The study, called "Cultures of the Tea Party," also claims voters who felt favorably toward the tea party movement valued deference to authority and libertarianism. The report concludes that the tea party movement is not a new political phenomenon, but rather "is best understood as a new cultural expression of the late-20th-century Republican Party."
The findings are based on a telephone poll of nearly 4,500 registered voters in North Carolina and Tennessee conducted last year. The researchers also conducted 10 interviews and kept track of any signs and costumes at a tea party rally in North Carolina. Andrew Perrin, a sociology professor at the University of North Carolina at Chapel Hill, was the main author of the study.
The study concludes that 18 percent of tea party supporters felt very negatively toward immigrants compared to 12 percent of voters who don't support the tea party movement.
The poll also found that 51 percent of people who were very concerned about "changes taking place in American society these days" were tea party supporters.

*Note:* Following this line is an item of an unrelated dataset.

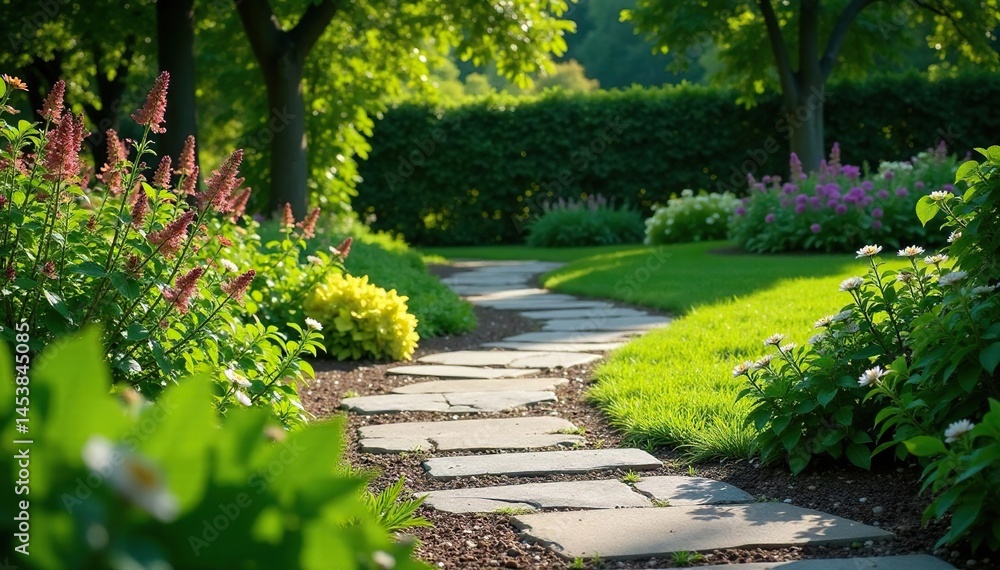Fototapeta premium Stone pathway winding through manicured garden , pathway, stone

Nearly 85 percent of tea party supporters said the U.S. Constitution should be interpreted "as the Founders intended," compared to only 34 percent of other respondents.
But tea party supporters were twice as likely as others to favor constitutional amendments, including a ban on flag burning and an overhaul of the 14th Amendment, which states that people born in the United States are citizens.

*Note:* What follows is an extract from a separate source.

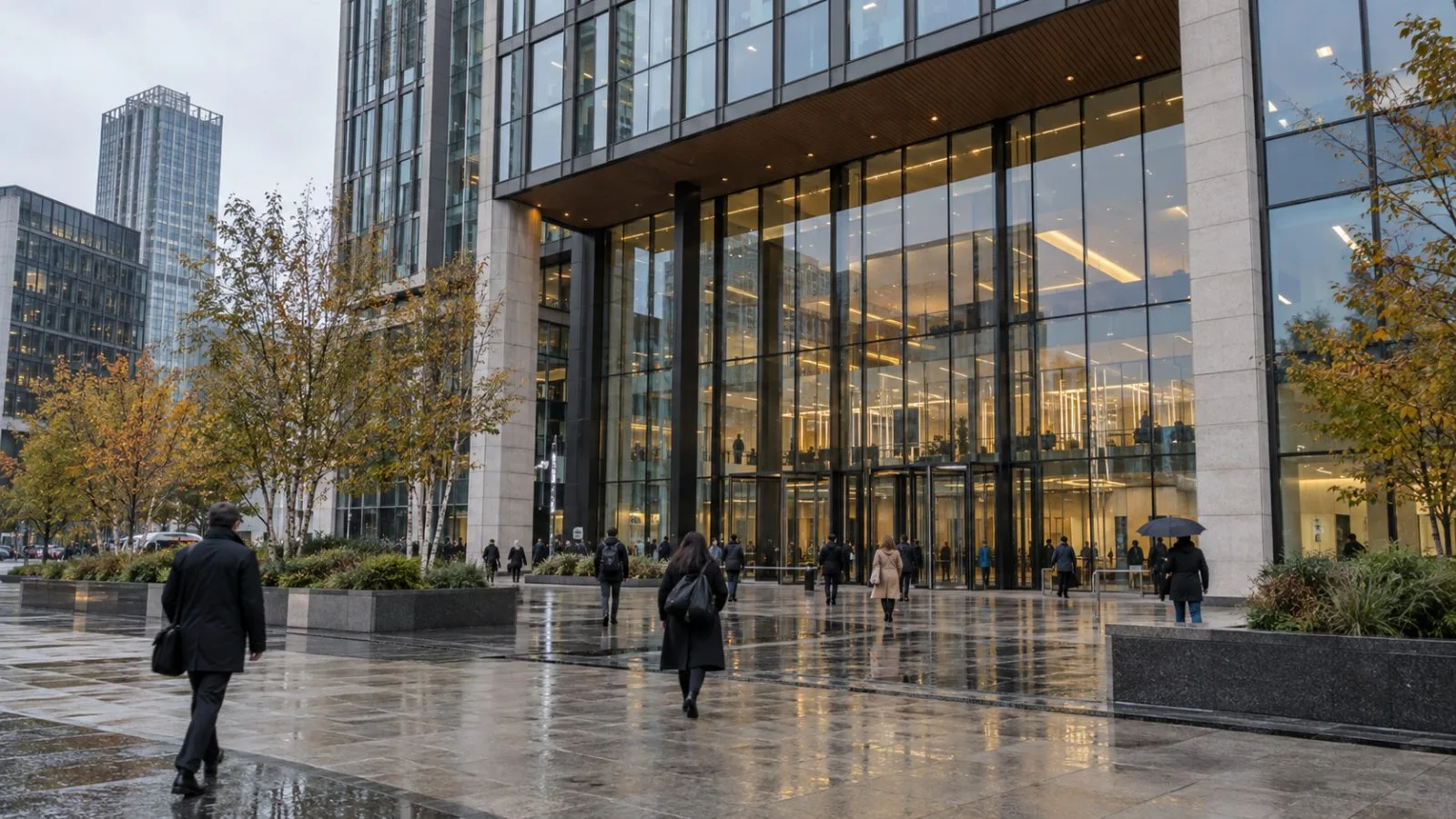 Pedestrians pass the Financial Conduct Authority’s headquarters in London on an overcast morning. (AI-generated image / EconoTimes)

"The (tea party) supporters' inconsistent views of the Constitution suggests that their nostalgic embrace of the document is animated more by a network of cultural associations than a thorough commitment to the original text," the report states.
Tea party supporters also overwhelmingly viewed President Barack Obama as "not at all" like them and 66 percent of conservatives who support the tea party movement say he is not a Christian.